LISTED RECORDS ::
-- -- --
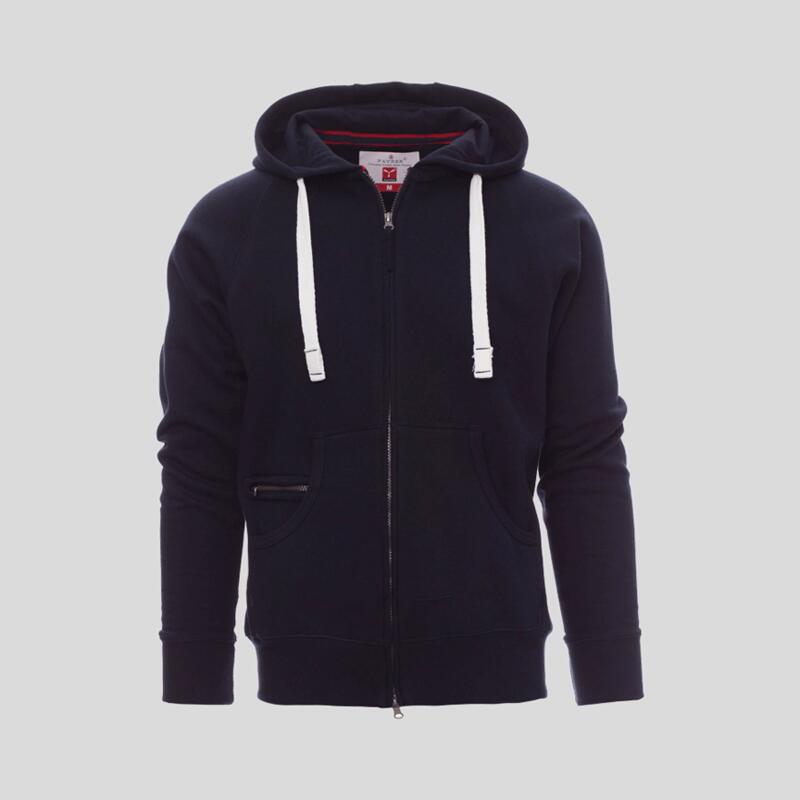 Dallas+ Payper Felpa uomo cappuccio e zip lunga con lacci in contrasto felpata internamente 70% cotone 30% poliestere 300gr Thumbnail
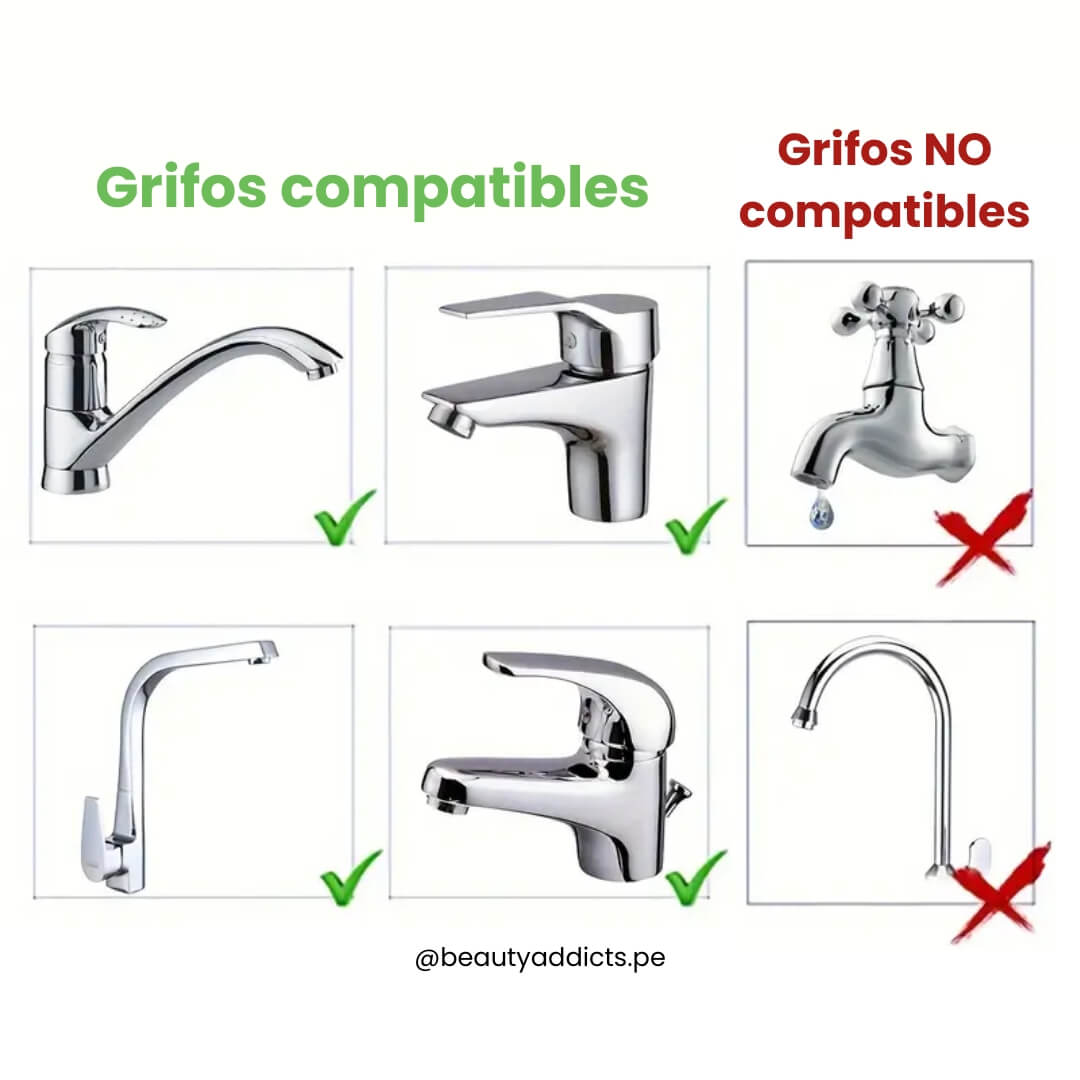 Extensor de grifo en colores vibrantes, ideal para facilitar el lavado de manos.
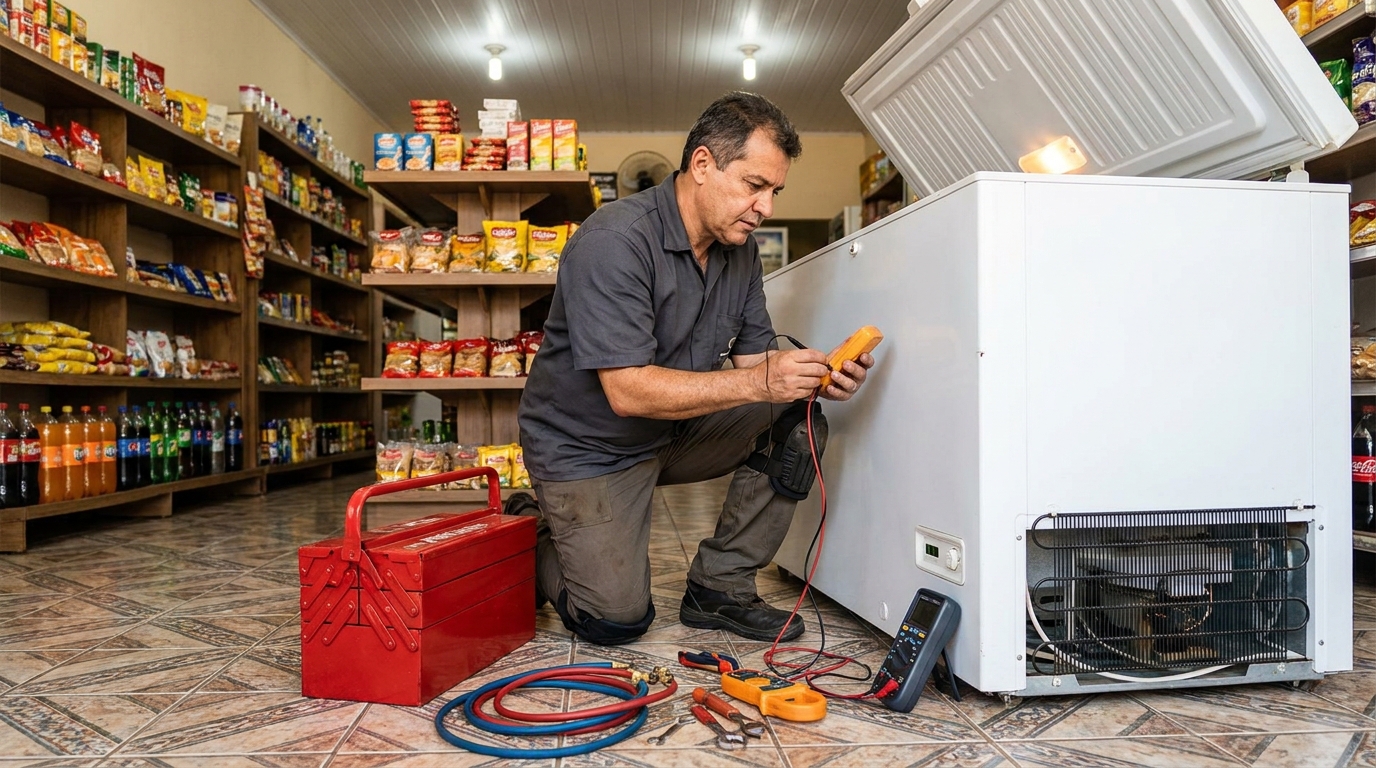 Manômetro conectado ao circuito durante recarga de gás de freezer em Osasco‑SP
-- -- --
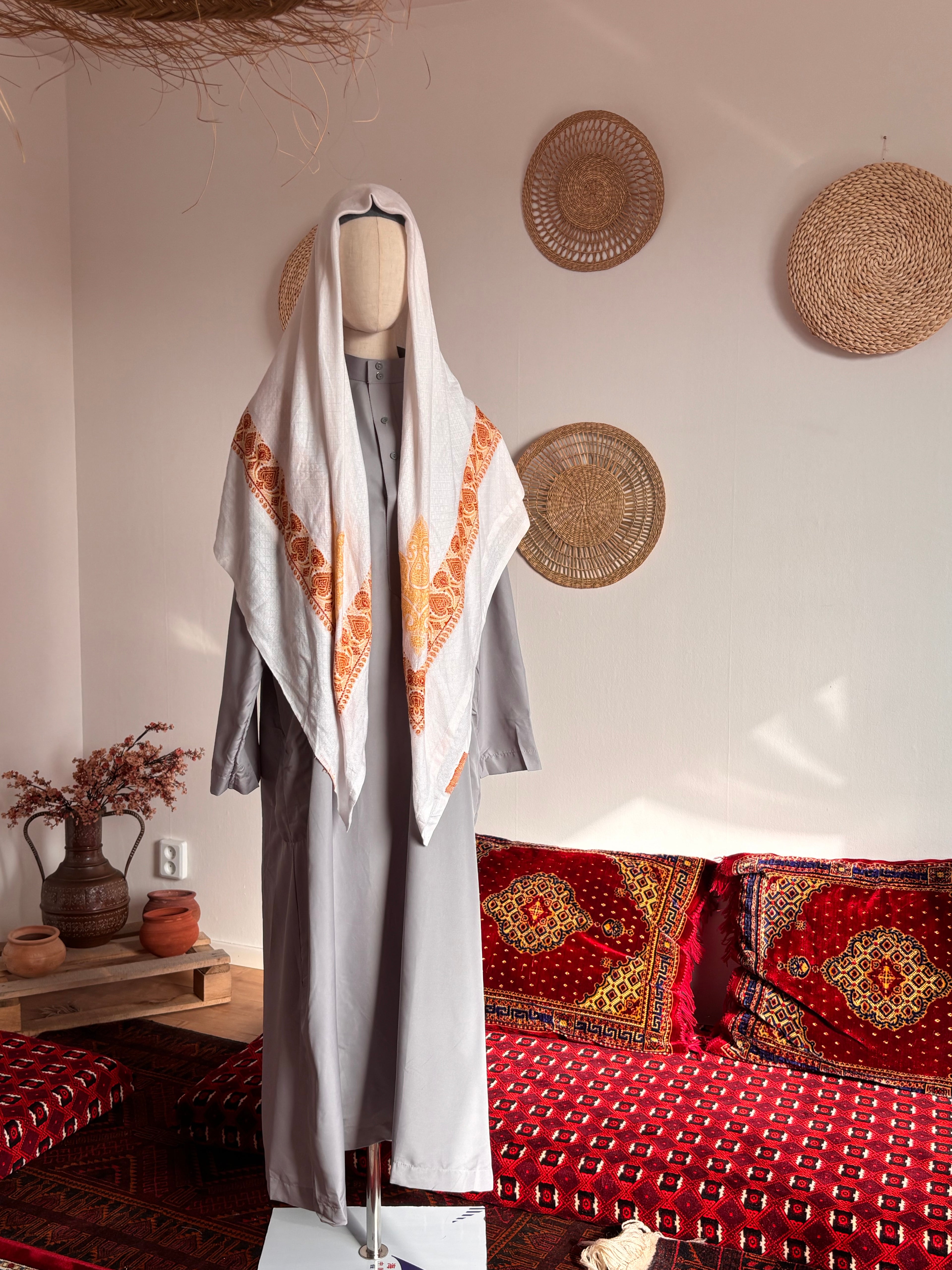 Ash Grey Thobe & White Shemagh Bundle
-- -- --
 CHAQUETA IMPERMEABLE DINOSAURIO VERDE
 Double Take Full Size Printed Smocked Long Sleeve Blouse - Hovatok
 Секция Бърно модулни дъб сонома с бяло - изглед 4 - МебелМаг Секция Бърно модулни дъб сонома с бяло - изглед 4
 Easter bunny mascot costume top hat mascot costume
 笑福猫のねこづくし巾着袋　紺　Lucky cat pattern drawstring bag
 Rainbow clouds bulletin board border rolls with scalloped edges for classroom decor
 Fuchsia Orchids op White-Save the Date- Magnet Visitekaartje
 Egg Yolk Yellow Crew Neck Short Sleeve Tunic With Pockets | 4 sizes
-- -- --
DIRECTIONS :: Of the entries above, how many lines hold the word "Sleeve"? Give back only that number.

WRITTEN RESPONSE :: 2